Gargon has some interesting concepts that seem really good on the surface but just don't quite work as well as I had hoped. The blind play aspect would be extremely luck heavy if you couldn't tell what suits your opponents have in their hands. The fact that you CAN tell what suits they are holding is a great idea which dictates the major strategy of the game: try and be the only player to play in a given suit. But here again, it largely falls back to luck. It's almost always in the other players' interest to choose to play different colors from you and if they do then everyone just keeps all the cards they've played. This, of course, means that everyone will tend to score based on what cards they were lucky enough to draw. There is a rule that says that if the last player in a round plays cards, he must choose among suits already played in that round. This is intended to ensure that there will be at least some card match-ups in each round, and it generally does, but of course all the other players know this rule and so they'll try and play suits that the final player doesn't have in hand, forcing him to draw that round instead of play.
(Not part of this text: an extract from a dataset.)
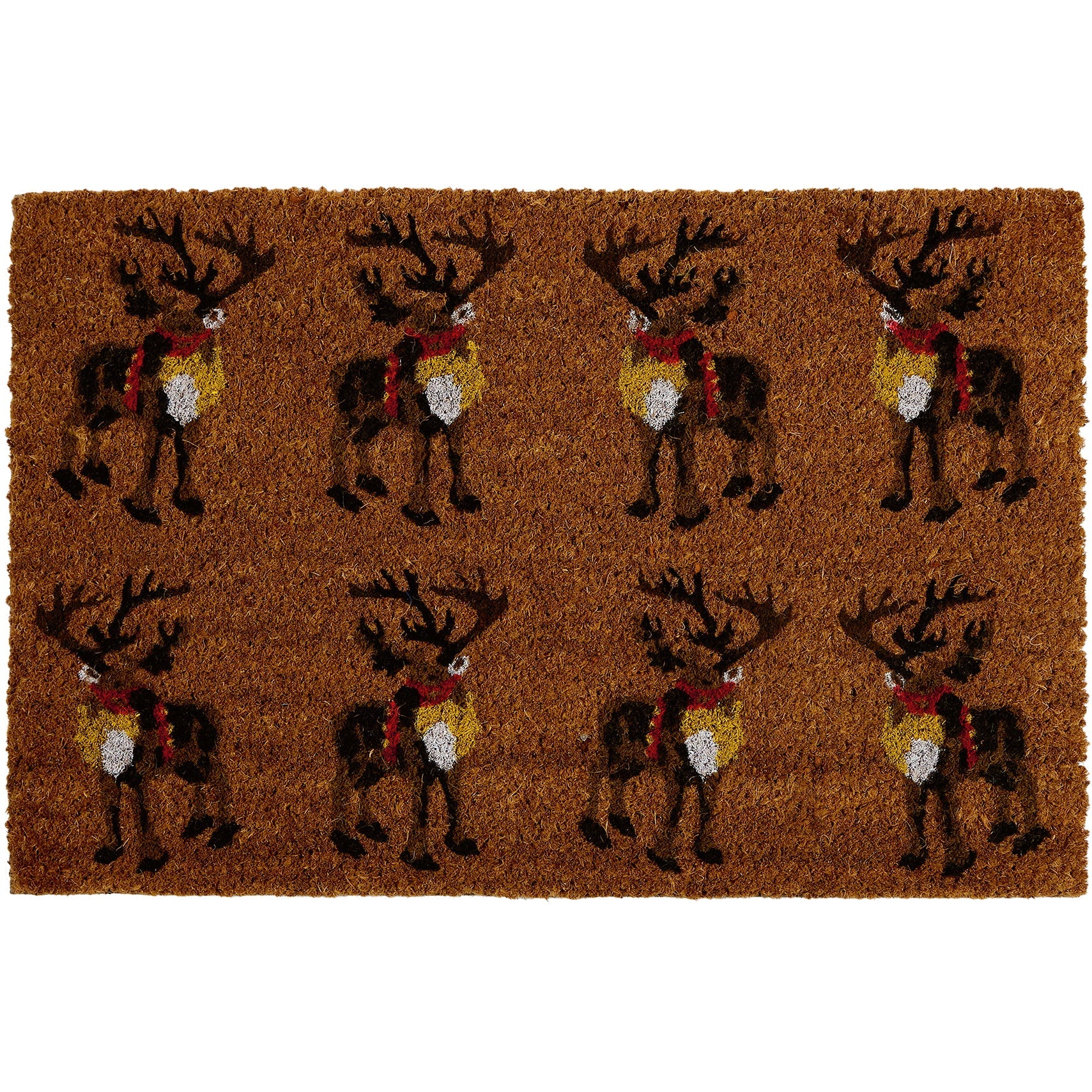 Accents AC211245 Coir Door Mat 40x60cm Reindeers Christmas - Various Designs - Premium Doormats from Premier Decorations - Just $9.95! Shop now at W Hurst & Son (IW) Ltd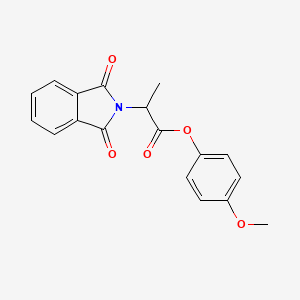 4-methoxyphenyl 2-(1,3-dioxo-1,3-dihydro-2H-isoindol-2-yl)propanoate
Any card game, by its very nature, is going to involve some luck, but Gargon seems to suffer from it a bit more than most. And for this reason, I don't know that I will be wanting to play it all that often. I prefer my card games to be a bit more strategy intensive. Still, there is definitely some strategy here and I'm sure that there will be some who will enjoy this game immensely. This game works quite nicely as a light filler game. Younger kids may enjoy the bright colors and the fantasy artwork and the game is certainly simple enough for it's ten and up age rating. It's an attractive, inventive and unique game but ultimately for me it fell just a bit short.